Information is as much a weapon of war as it is a vital resource. It can be wielded like a gun or a missile, and access to it is as crucial as food and water. Information has been a critical part of warfare for thousands of years, but in the 21st century, the strategies we are beginning to see emerge around information are evolving and far more sinister. Modern nation-states are becoming increasingly adept at manipulating information. Advances in technology and a world increasingly connected through the internet mean it is easier than ever to spread disinformation to global populations, and no nation does it better than the Russian Federation.

Understanding Information Warfare

Before we explain how Russia uses information warfare to its advantage in modern geopolitics, we first have to understand exactly what it is. Information warfare is a form of conflict based on the manipulation, influence, and use of information to further one’s own political outcomes. Crucially, information warfare can be conducted without a shot ever being fired. It can be used to gain an informational advantage over your opponent, influence government actions in your favor, or manipulate citizens into believing false truths. In the world of realpolitik, that’s real power, and nobody understands this better than Vladimir Vladimirovich Putin.

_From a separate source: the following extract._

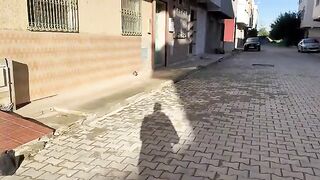 As we meet each group of cats, one of them approaches us to tell us they are hungry.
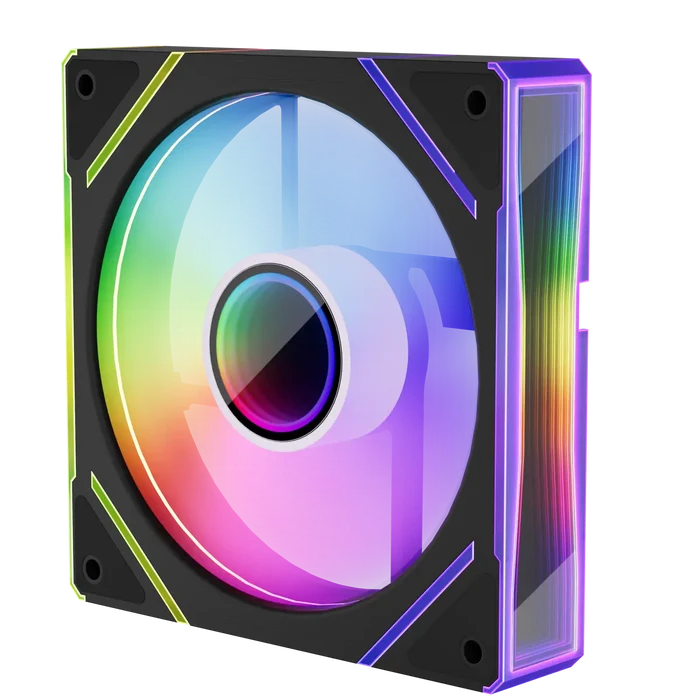 1st Player FC7 ARGB 120mm Case Fan, Pack of 3 - Black - PakByte Computers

Lest we forget, he was an agent for Russia’s clandestine intelligence service, the FSB, before his terms as president. Information warfare is as frightening as it is wide-ranging. The Russian Federation has increasingly used a wealth of tactics throughout Putin’s premiership to control and manipulate global geopolitical narratives, including using real or invented news media, stats by leaders or celebrities, online troll campaigns, text messages, botnets, and YouTube videos, just to name a few.

Russia’s Disinformation Campaigns: Objectives and Tactics

But why is Russia doing this? What’s the end game of Russia’s disinformation campaigns? We must recognize this strategy in the context of Vladimir Putin and his perspective of reality, warped as it may be. Putin sees his illegal war in Ukraine as just one front of an ongoing global conflict against the West, particularly the US and its NATO allies. Putin’s ultimate goal is to reshape the international order away from one that is dominated by the West and towards one that benefits Russia and those who fall under her sphere of influence.

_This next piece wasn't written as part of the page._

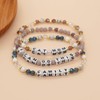 Agriajun Inspired Friendship Beaded Stretch Bracelets for Women Teen Girls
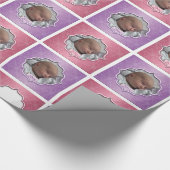 Babys 1. Weihnachtszeitung für kundenspezifische F Geschenkpapier (Ecke)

If Russia were to try and make this change by force, the ensuing conflict would be overwhelmingly bad for Putin when facing the full military might of NATO—that is if the world wasn’t immediately ended by nuclear war in such a conflict. Therefore, Putin knows he must fight against the West asymmetrically rather than through conventional means. He has to use cloak and dagger rather than shells and bullets. Putin himself stated as much in a speech to the Russian Federal Assembly back in 2006, saying, “We must take into account the plans and directions of development of the armed forces of other countries. Our responses must be based on intellectual superiority. They will be asymmetric and less expensive.”

Through necessity, Russia must wage war in the shadows to undermine Western institutions, spread panic among people, and engender distrust in liberal democracies. Information warfare is used as a critically important tool for driving these objectives. Many today believe that we’re living in a post-truth era, where truth itself is seen as malleable and dominant narratives rule the day, whether they are true or not. Russia has played a large part in this evolution. Because of Vladimir Putin, the murkier reality becomes, the easier it is to manipulate populations, politicians, and policymakers towards outcomes that benefit Russia.

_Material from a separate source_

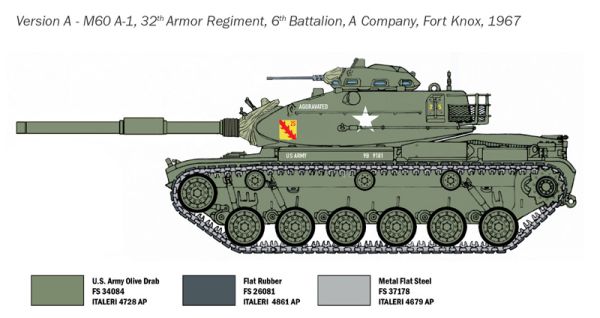 M60A1 детальное изображение Бронетехника 1/72 Бронетехника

The Methods of Russian Information Warfare

How is Russia able to manipulate the informational environment and control narratives that reach Western eyes and ears? It’s important to note the exhaustively broad range of strategies that Russia uses to gain an informational edge. It’s not just troll farms and TikTok bots. Whilst information warfare can be used without violence, it is often used in tandem with conventional warfare to create battlefront and homefront advantages.

According to the NATO Handbook on Russian Disinformation, Russia’s information warfare strategies differ significantly in peacetime and wartime. Peacetime is characterized by more covert measures—think a bit like the USSR during the Cold War—with a focus on espionage, reconnaissance, and maneuvering secretly to gain an advantage in the information space. Wartime is where things get a whole lot more aggressive and direct. Discrediting the leadership, intimidating military personnel and civilians, falsification of events, and cyber-attacks are just some of the tactics that Russia uses, and most, if not all, of these we’ve seen during Putin’s “special military operation.”

Just recently, it was reported by the BBC that in occupied areas of Ukraine, Ukrainian children are taught that their country doesn’t exist, showing the levels that the Kremlin will go to control what people are told to aid their political objectives. Now, increasingly, we are beginning to see these more aggressive tactics used on Western targets. It is the world’s worst-kept secret that if Russia can successfully undermine the West’s support in Ukraine while stifling Kyiv’s progress on the battlefield, Russia will be able to grind Ukraine’s fighting forces down through attrition, leading to ultimate victory. These are narratives we are already starting to see emerge across the West, with even Pope Francis recently weighing in that Ukrainians should have the courage to surrender and stop the bloodshed.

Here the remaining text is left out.